╭─ Source data
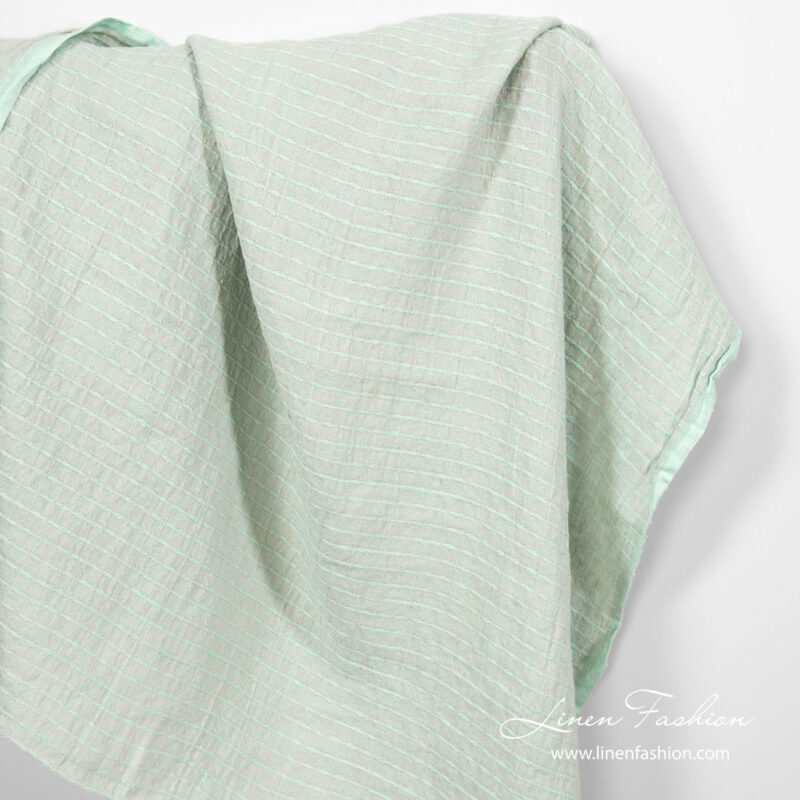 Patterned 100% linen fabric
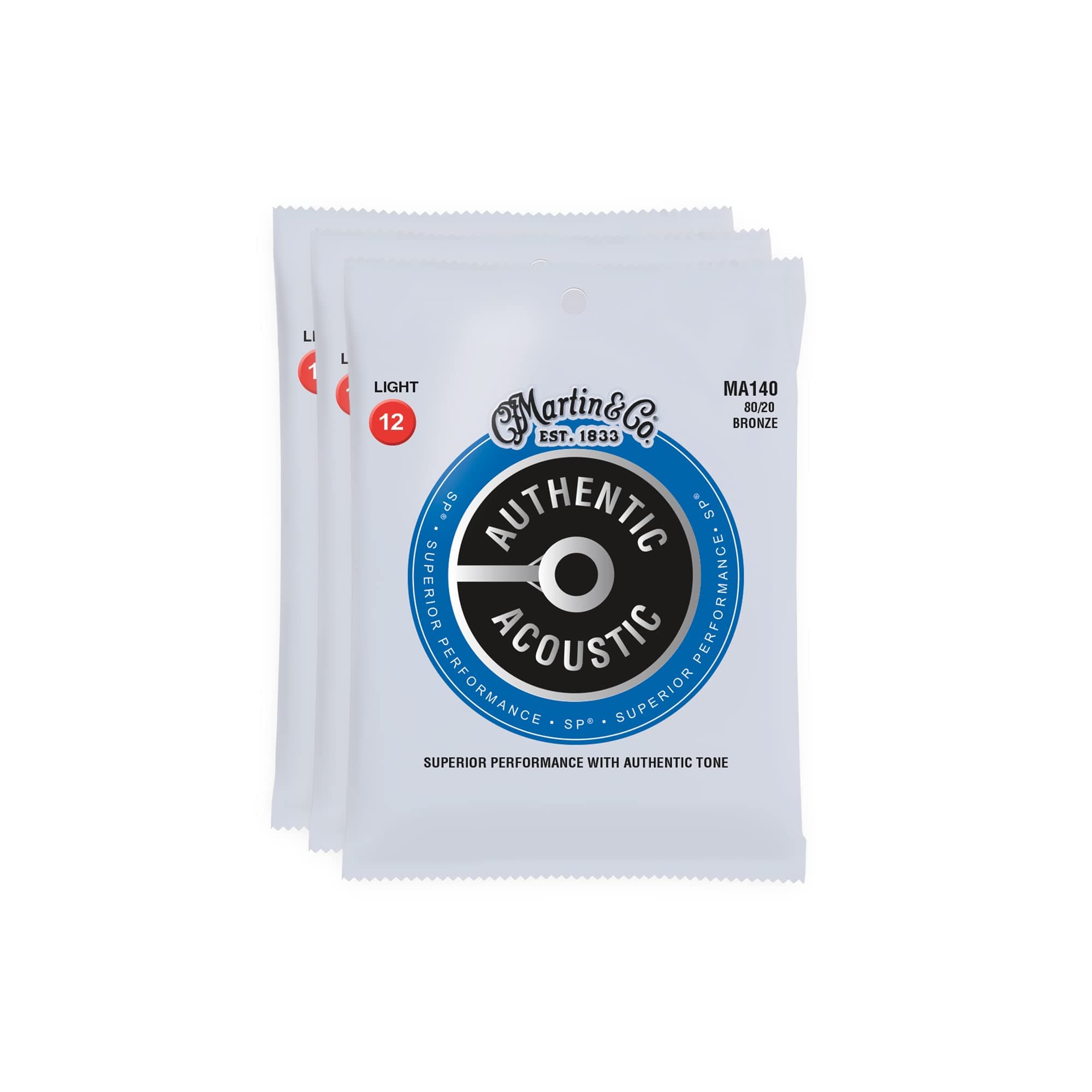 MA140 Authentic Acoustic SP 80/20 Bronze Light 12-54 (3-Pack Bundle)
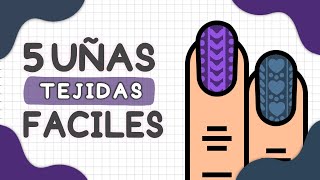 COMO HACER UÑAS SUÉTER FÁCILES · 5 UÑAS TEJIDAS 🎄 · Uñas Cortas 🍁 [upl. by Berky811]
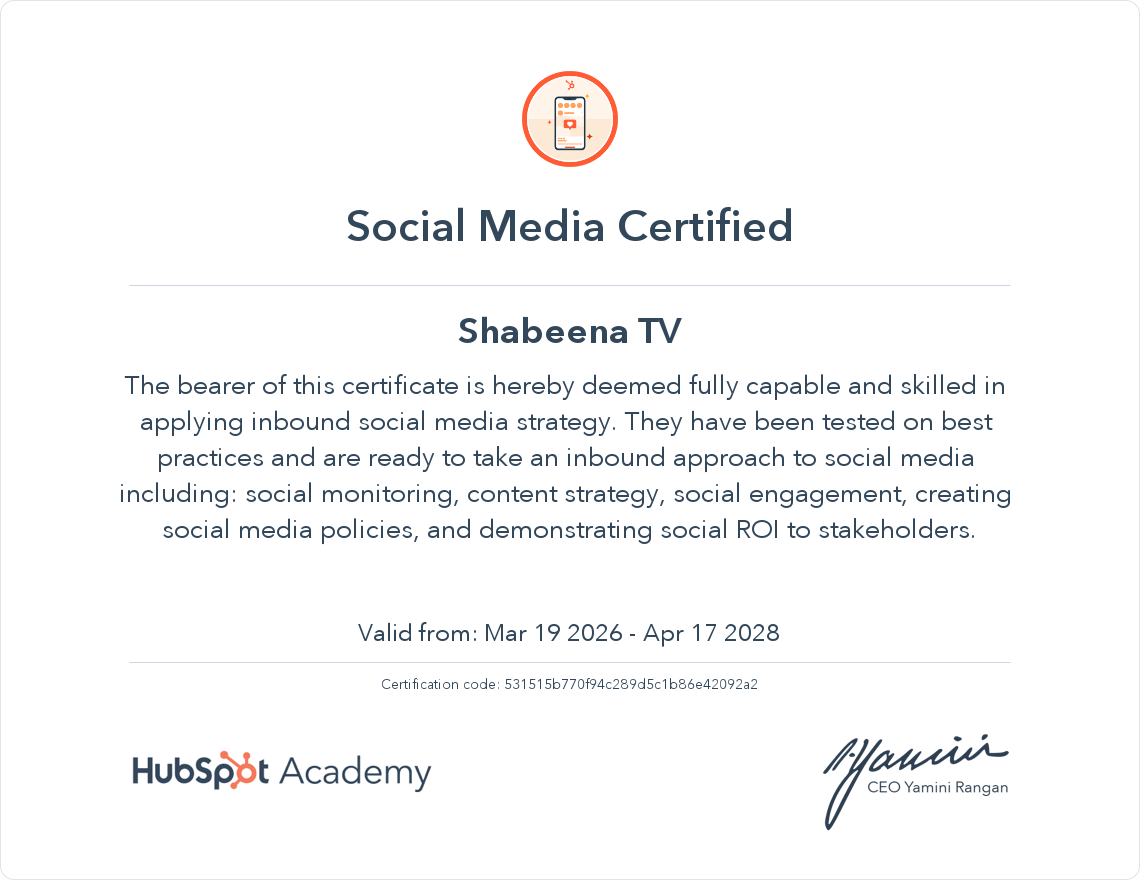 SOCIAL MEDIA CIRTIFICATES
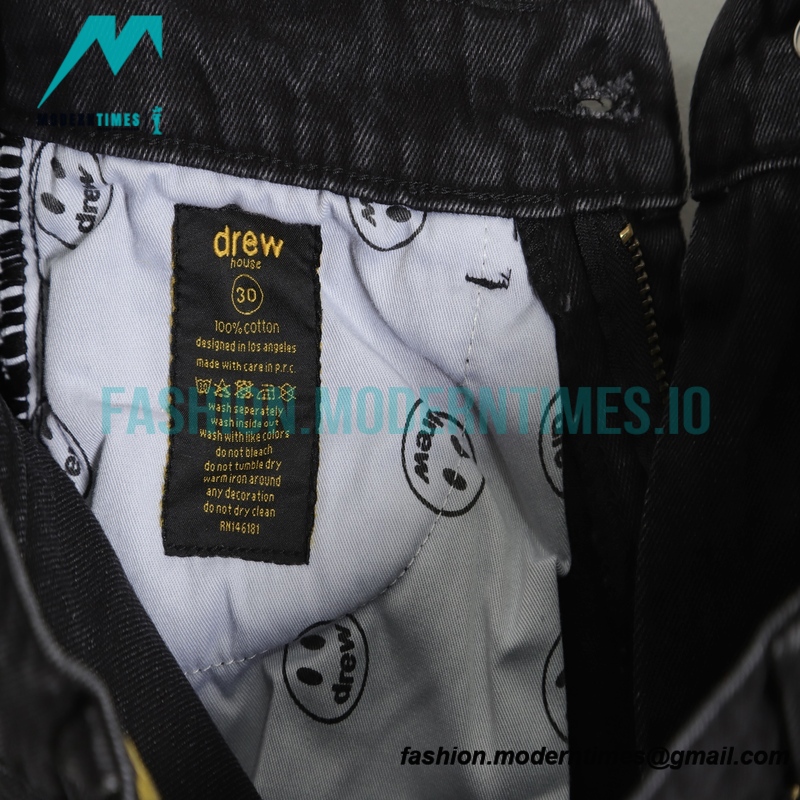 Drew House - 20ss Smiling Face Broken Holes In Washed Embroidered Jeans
╰─
:: What is expected ::
Give again, word for word, the line that contains "MA140 Authentic Acoustic" and every line after it through the end of the entries; omit the pictures.

:: Answer area ::
 MA140 Authentic Acoustic SP 80/20 Bronze Light 12-54 (3-Pack Bundle)
 COMO HACER UÑAS SUÉTER FÁCILES · 5 UÑAS TEJIDAS 🎄 · Uñas Cortas 🍁 [upl. by Berky811]
 SOCIAL MEDIA CIRTIFICATES
 Drew House - 20ss Smiling Face Broken Holes In Washed Embroidered Jeans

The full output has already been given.